The days of revelry have come to end. Travis went back to school today.
Potty training with Lydia is still happening. We're going the pull-up route since she doesn't seem to know when she needs to poop yet - or something like that. She maybe has one wet "accident" a day but I think if I remembered to prompt her more we wouldn't have any wet pull ups.
Any tips out there?
By the time James reaches 5 months he will have his top left front tooth. Yes, little boy blue is teething. He's a little bit crankier than usual, but overall he is by far the easiest teether ever. He might be the most laid back baby I will EVER give birth to.
(please don't let it be the phenobarbitol!)
This Friday will be three months since James was last tubed a feeding. When we get to March 2nd it will three months since we've used it at all. This means that I need to be scheduling a surgery to have it removed.
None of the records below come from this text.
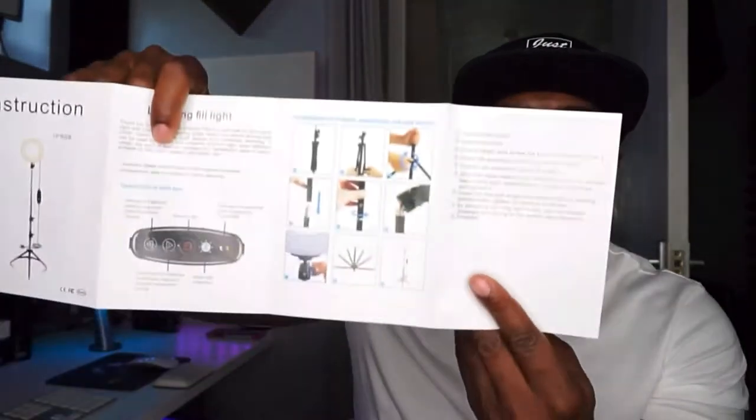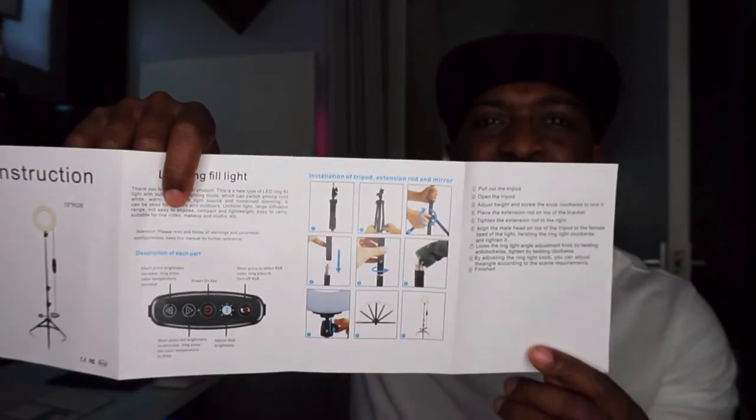Quick look at the instructions — pictures on there to make it easier. It says 'thank you for choosing our product.' It describes a new type of LED ring fill light with built-in multi-lighting mode, which can switch among cold white, warm light, RGB light source, and combined dimming. That's good if you like to change the light settings. Pictures show you what's what — pull out the tripod, open the tripod, adjust the height, and screw the knob clockwise to lock it.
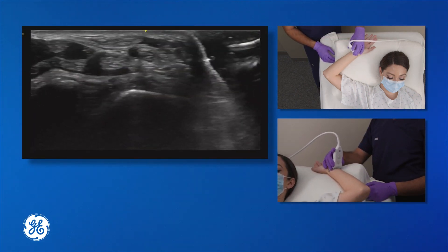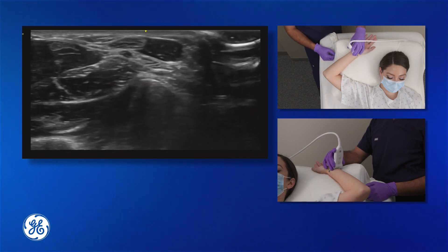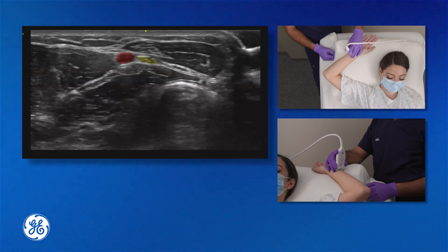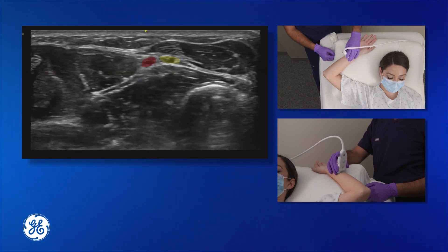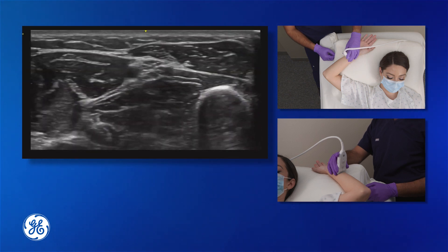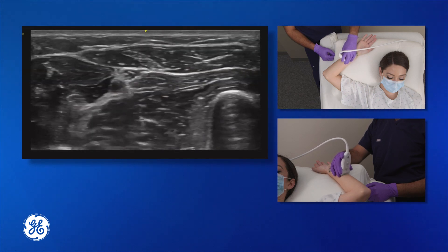The ulnar nerve cannot be seen at this location. We'll slide the probe proximally and the ulnar nerve will show up next to the ulnar artery. You can see that just by sliding a little bit, the ulnar nerve is already adjacent to the ulnar artery, but this is not a safe location to perform the block.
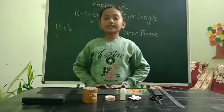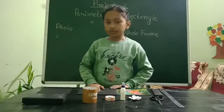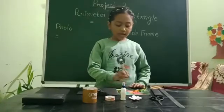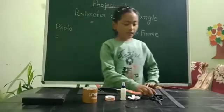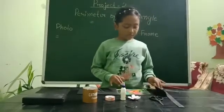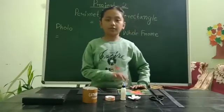The materials I am going to use are: hard cardboard, black chart paper, cello tape, glue, a beautiful flower to stick on the frame, scissors, scale, the support of the frame, and a beautiful picture of a flower.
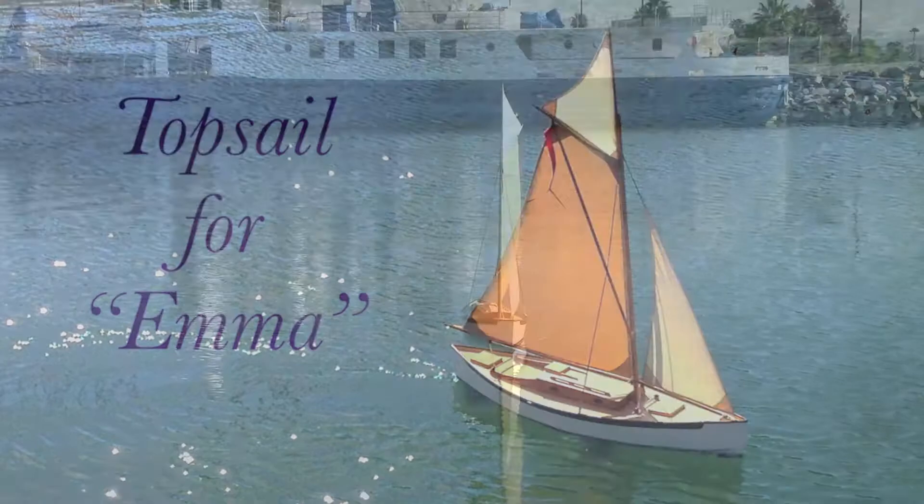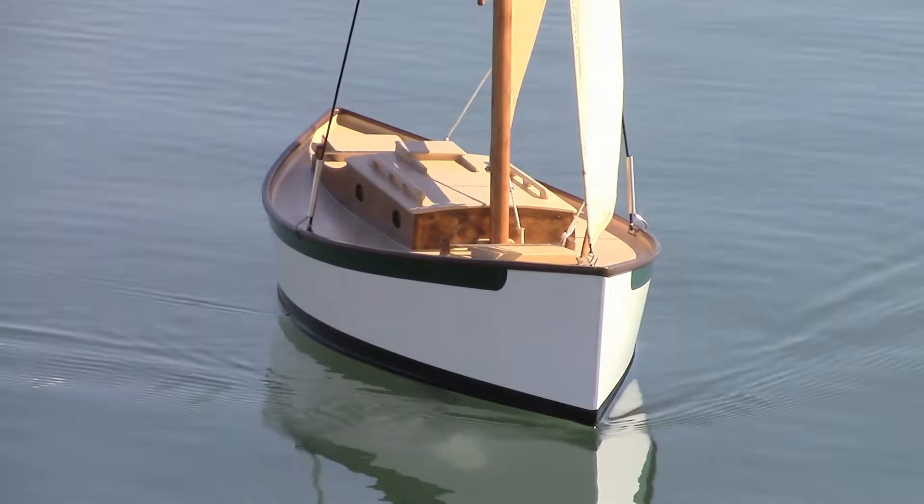I made a topsail for Emma. This topsail is meant to give Emma a boost in light air.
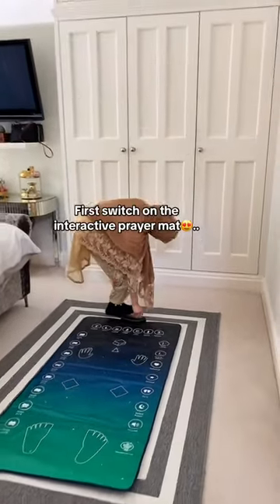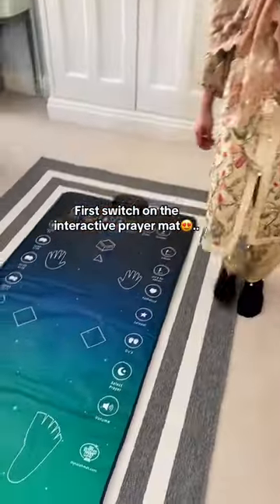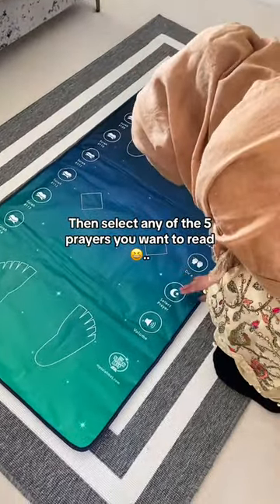How to pray in three easy steps. First, switch on the interactive prayer mat. Then select any of the five prayers you want to read.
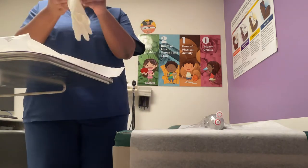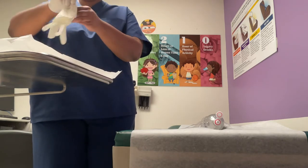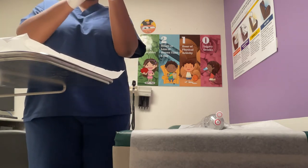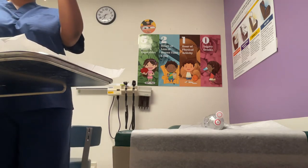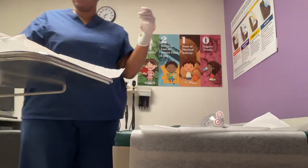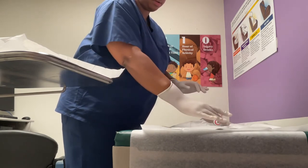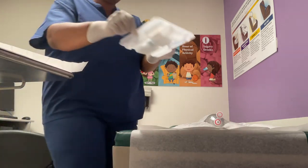I'm going to put on my sterile gloves, starting with the right. I'm going to place this drape under the patient to protect the sterile field. We're going to cover the patient up and bring the sterile drape into position.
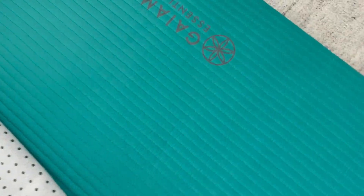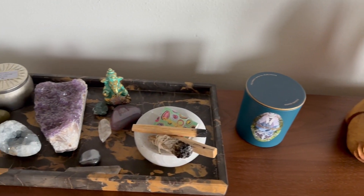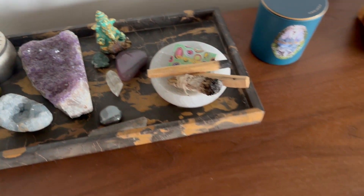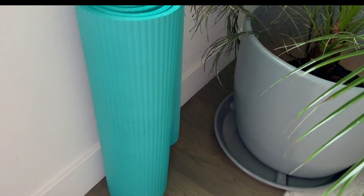This yoga mat is 72 inches long by 24 inches wide and weighs approximately 3 pounds. I highly recommend the Gaiam Essentials Yoga Mat for anyone looking for a comfortable and supportive exercise mat.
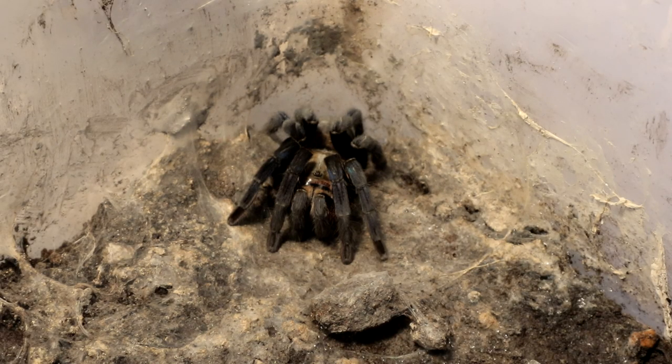Hello ladies and gentlemen and welcome back to another feeding video. I hope everyone's enjoying the videos I'm uploading lately. There are more to come — next up in my content creation plan is going to be a species review of scorpions, starting from the beginner types all the way to the more advanced keepers, so do stay tuned for that.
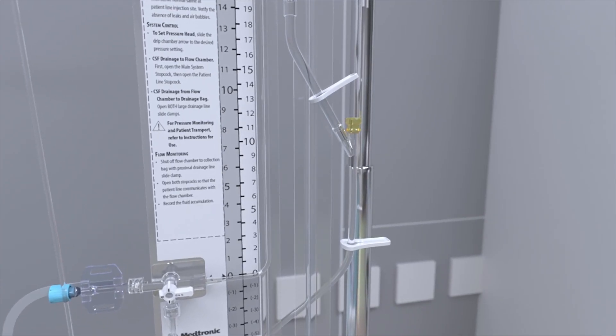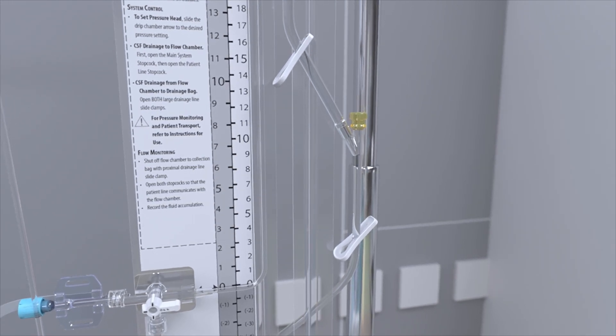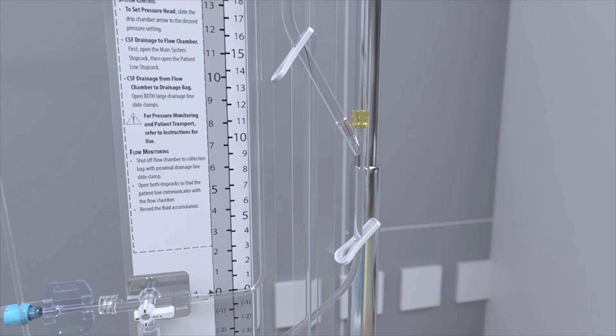Once complete, shut off the flow of fluid from between the drip chamber and the drainage collection bag by sliding the clamps over the tubing pinching off flow, or rotate the stopcock below the drip chamber if included.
The stupid new state tax is taking $45 out of each paycheck for us. That's a pretty big blow for a family who grocery shops off of $70 a week and puts no money in savings. Maybe what the Illinois congress should have done first is made law that says high school principals in rich suburbs cannot have bigger salaries than the president of the USA. That would have freed up some money.
Bennet is obsessed with the vacuum cleaner. Has anyone else ever seen this in a toddler before? He will cry on the floor in front of the laundry room door (where the vacuum is kept) if I don't bring it out for him. And it's not just our vacuum - both grandmas have had to let him see theirs. Be careful if we come over for a playdate. Hide your Dyson! Conceal your Oreck! Put away your Hoover!
Here's a really great link I found on postpartum depression and postpartum anxiety. When I have searched for stuff before I've only come across websites that talk about not being happy, crying a lot, not having an appetite, and wanting to sleep all day. None of those things fit me at all, yet I've wondered since Lydia's birth if something was wrong or if motherhood just brought out the worst in me and I was stuck this way forever.
So it was actually a huge relief when I heard a woman I greatly respect talk about postpartum anxiety in her life. I thought to myself, "that sounds a little like me." When I googled the term I found Postpartum Progress and realized that I probably am not a borderline horrible mother - I just have issues that can be worked out.